This way, you don't need to know the type of the lambda expression. You can just store a std::function<> of the appropriate function type, and the template system will handle all the types for you. More generally, any callable entity of the appropriate signature can be assigned to a std::function<>, even if the the actual type of that functor is anonymous (in the case of lambdas) or really complicated.

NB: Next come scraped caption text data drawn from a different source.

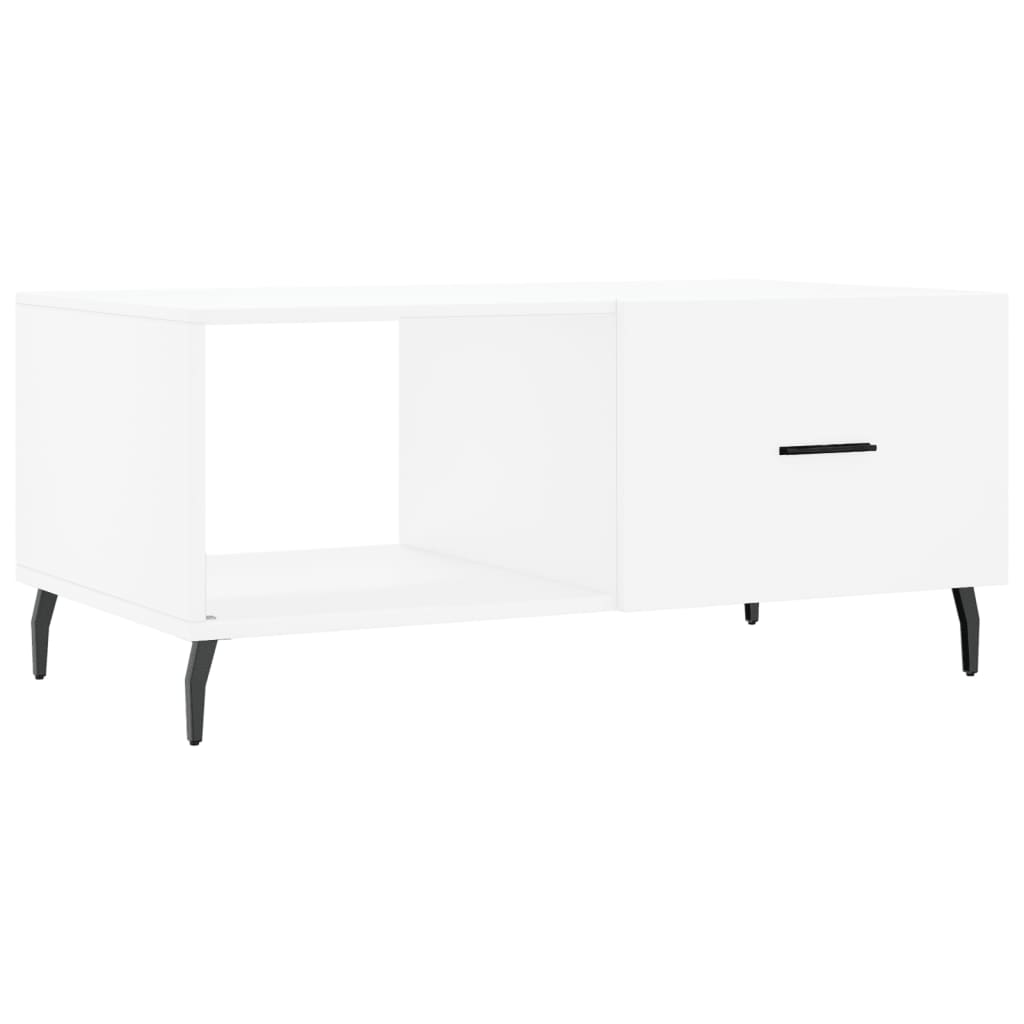 Salontafel 90x50x40 cm bewerkt hout wit
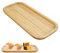 Plateau Bambou Bois Rectangulaire, Plateau Decoratif Ovale en Bois, Plateaux pour Articles de Toilette, Plateau de Service Bois pour Nourriture Café Tasses Pots de Fleurs (30 x 13 x 2 cm)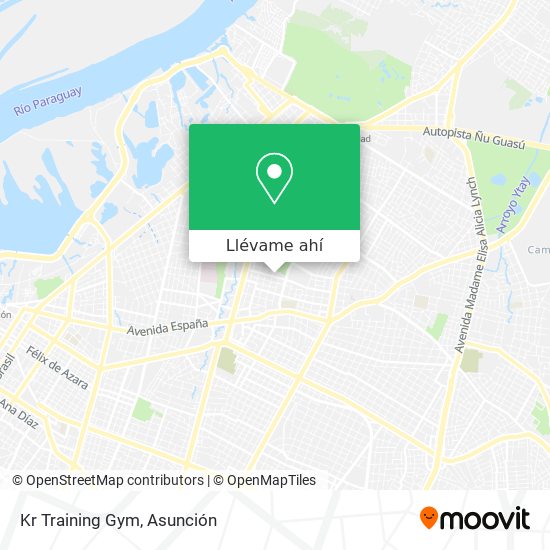 Mapa de Kr Training Gym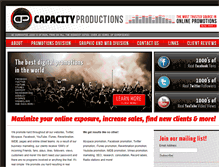 Tablet Screenshot of capacityproductions.net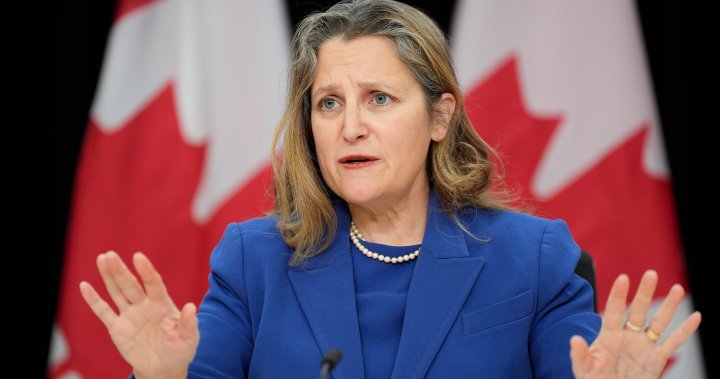 Freeland wont say if deficit set to rise but will meet debt-to-GDP anchor – National [Video]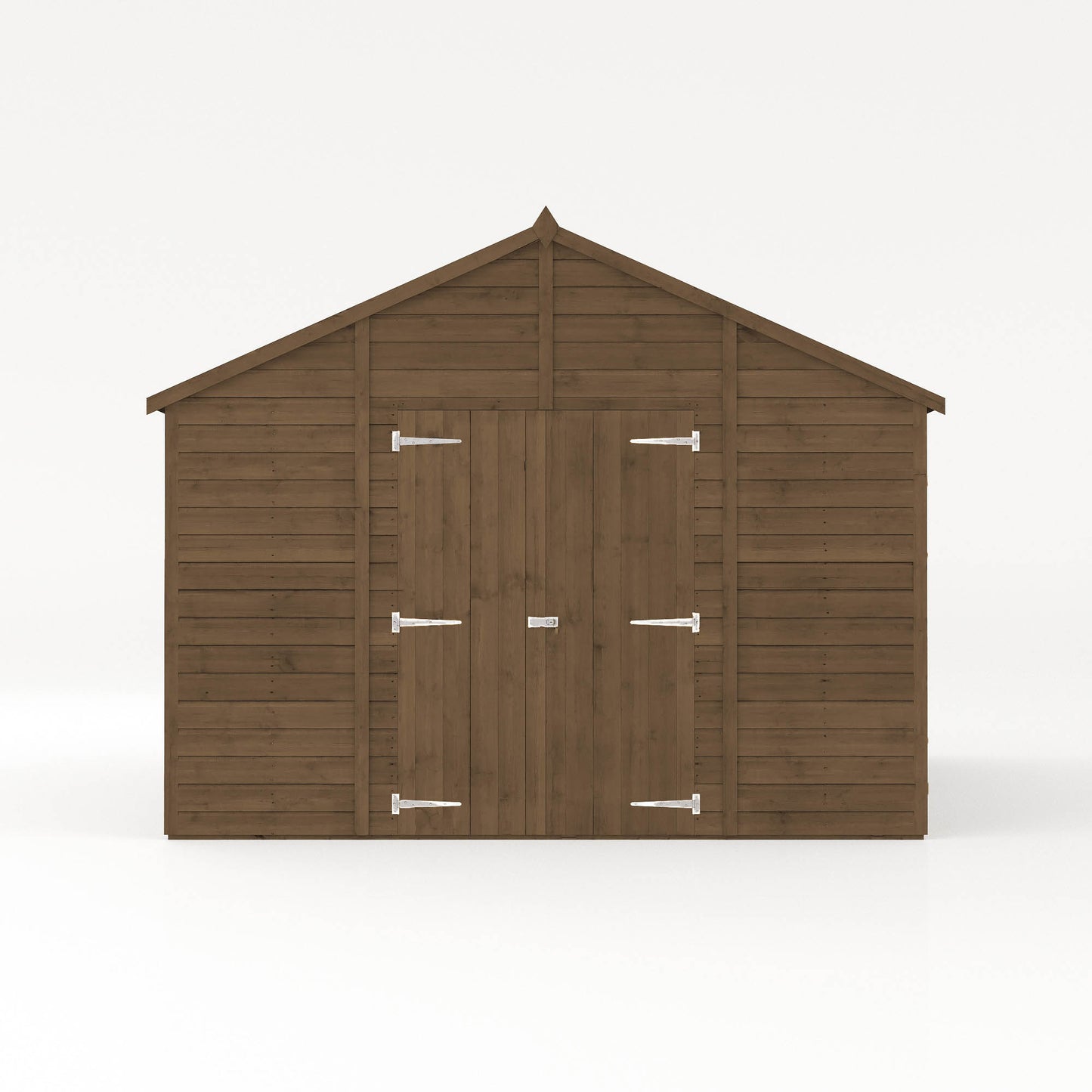 10 x 10 Ready Painted Premium Shiplap Apex Workshop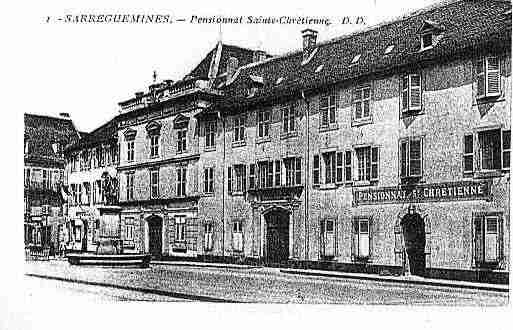 Ville de SARREGUEMINES Carte postale ancienne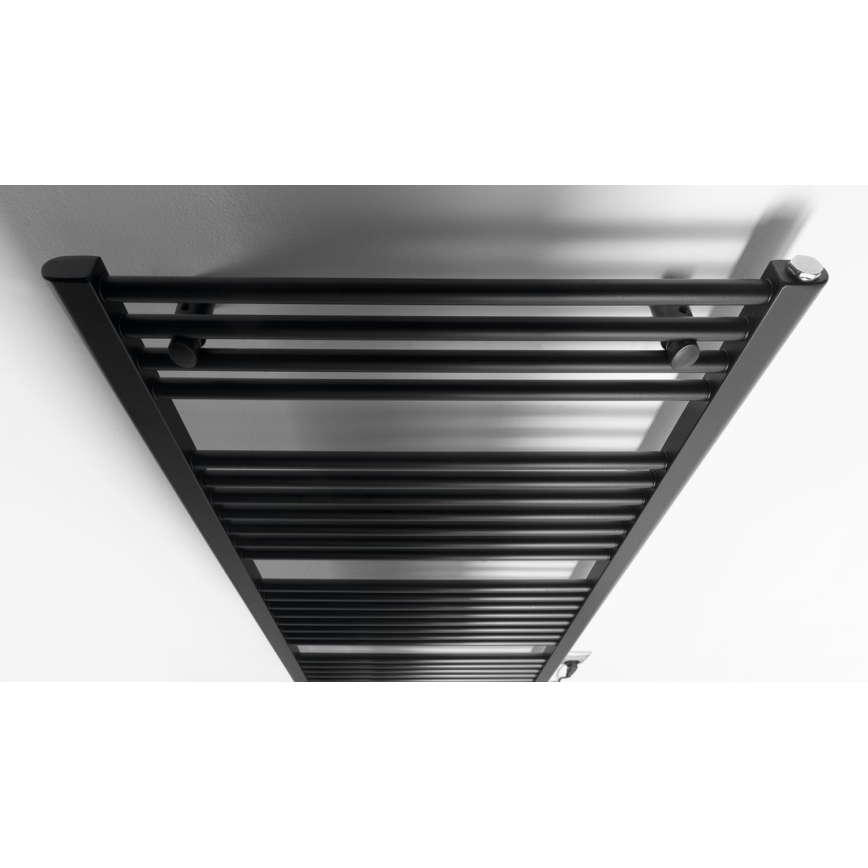 Aqualine - Koupelnový elektrický radiátor DIRECT-E 600W/230V 132 cm matná černá rovné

The type inside of the std::function template should be the function type corresponding to the function you'd like to store. So, for example, to store a function that takes in two ints and returns void, you'd make a std::function<void (int, int)>. For a function that takes no parameters and returns an int, you'd use std::function<int()>. In your case, since you want a function that takes no parameters and returns void, you'd want something like this:

class MyClass { 
public:
    std::function<void()> function;
    MyClass(std::function<void()> f) : function(f) {
        // Handled in initializer list
    }
};

int main() {
    MyClass([] {
        printf("hi")
    }) mc; // Should be just fine.
}

Hope this helps!

The only way I can think of to store a lambda in a class is to use a template with a helper make_ function:

#include <cstdio>
#include <utility>

template<class Lambda>
class MyClass {
    Lambda _t;
public:
    MyClass(Lambda &&t) : _t(std::forward<Lambda>(t)) {
        _t();
    }
};

template<class Lambda>
MyClass<Lambda> make_myclass(Lambda &&t) {
    return { std::forward<Lambda>(t) };
}

int main() {
    make_myclass([] {
        printf("hi");
    });
}